Selasa, 08 Mei 2012

Red Tulip - The Confession


Cahaya matahari pagi merembes masuk dari sela – sela jendela kamarku. Benar – benar menyilaukan sekaligus menyebalkan. Aku tidak ingin pergi ke sekolah apalagi kalau bertemu Alley. Sejak Yuki memberitahuku semua yang dia lihat, aku selalu menghindari Alley. Dan sekarang sudah hari keenam aku menghindarinya, tepat saat hari ulang tahunku. Aku bangkit dari tempat tidur dengan malas dan melihat layar HP di meja pendek yang bersebelahan dengan tempat tidurku. Jam lima lewat tiga puluh tepat. Tanpa memedulikan waktu aku keluar dari kamar, mempersiapkan diri untuk ke sekolah dengan malas.
****
            “Kana,” Aku mendengar suara di dekatku.
            “Kana,” suara itu terdengar familiar.

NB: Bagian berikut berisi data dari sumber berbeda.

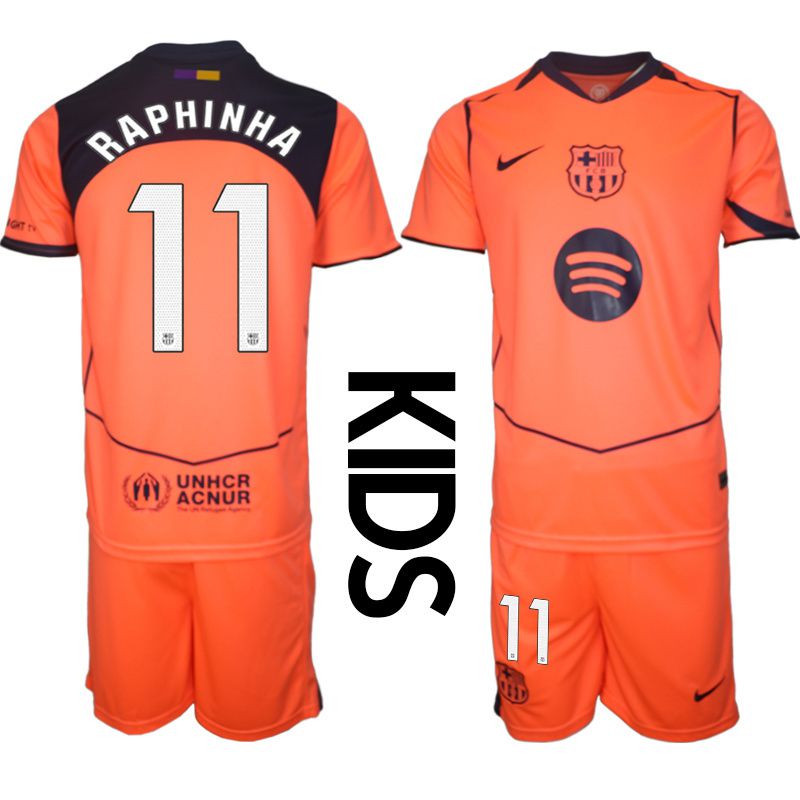 Youth 2025-2026 Club Barcelona away orange #11 Soccer Jersey1->youth soccer jersey->Youth Jersey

            “KANA!” aku tersentak dan bangun dari tidur singkatku. Aku kebingungan melihat sekelilingku, tidak tahu di mana aku berada. Masih kebingungan, aku melihat Monica dengan wajahnya yang khawatir, langsung saja otakku bekerja lalu aku teringat kalau aku ada di kelasku. “Kamu tidak apa – apa? Mukamu pucat. Akhir – akhir ini kamu tidak seperti biasanya, ada apa? Kamu sedih karena tidak mendapat kiriman tulip lagi?” tanyanya sedikit bercanda. Ah, iya, sudah lima hari aku tidak mendapat kiriman tulip lagi. Aku hanya menggelengkan kepala dengan lemas dan tersenyum. Sepertinya responku tidak berhasil membuat Monica tenang, dia malah menjadi – jadi. “Kamu mau aku antar ke UKS? Atau kamu mau pulang? Ah, atau kita harus ke rumah sakit?” ucapnya seperti kesurupan. Aku tertawa kecil melihat tingkahnya yang mondar – mandir di depanku. “Tenanglah, aku tidak apa – apa. Aku sehat, hanya sedikit mengantuk,” suaraku terdengar lemah saat keluar dari mulutku. Monica melihatku masih dengan wajah khawatirnya,”Yakin?” tanyanya penuh perhatian. Aku mengangguk lalu senyum mengembang di wajahnya. Dia memelukku lalu beralih ke mejanya, mengambil sesutau dari tasnya. “Ini, happy birthday,” ucapnya sambil menyerahkan kotak kecil berwarna merah dengan pita putih. Aku kaget dan menerimanya dengan senang hati. “Boleh kubuka?” dia membalas dengan anggukan penuh semangat. Saat kubuka hadiah kecil itu, aku terkejut melihat isinya. Sebuah gelang, berbentuk kepang, berwarna perak dan merah mengkilat ditambah bandulan berbentuk bintang merah terletak di tengah kotak itu. “Kau suka?” wajah Monica mendekat saat bertanya. “Tentu saja, thanks,” balasku dengan senyumku yang muncul begitu saja. “Untunglah. Sekarang kita punya sesuatu yang sama. Kemarin aku juga memberi Yuki gelang yang serupa, hanya warnanya saja yang beda. Nih,” dia menunjukkan gelang yang sama persis dengan yang kuterima, hanya warnanya perak dan biru. “Punyanya Yuki berwarna perak ungu,” aku mengangguk tanpa diminta. Tiba – tiba bel masuk terdengar nyaring menembus telinga kami, spontan aku dan Monica duduk di kursi masing – masing. Aku cukup senang menerima hadiah dari Monica pagi itu, meski aku lebih mengharapkan melihat setangkai tulip merah dengan catatan puitisnya di atas mejaku.
****
            “Eh, Alley kok tidak menampakkan batang hidungnya dari minggu lalu? Kamu tahu penyebabnya, Kana?” untuk kesekian kalinya, aku tersentak kaget dari lamunanku. “Apa?” tanyaku polos. Monica dan Yuki melihatku dengan khawatir,”Akhir – akhir ini kamu lebih sering melamun, kenapa?” tanya Monica dengan kekhawatiran lagi. Yuki memandangku dengan penuh perhatian seolah aku adalah bayi yang harus diasuhnya. Aku menggeleng dan melahap roti yang dari tadi kupegang. Kedua temanku itu akhirnya menyrah, mengetahui kalau aku tidak mau menjawab pertanyaan itu. Kami sedang berada di halaman sekolah, menyantap makanan di waktu istirahat, saat hal yang benar – benar tak terduga terjadi.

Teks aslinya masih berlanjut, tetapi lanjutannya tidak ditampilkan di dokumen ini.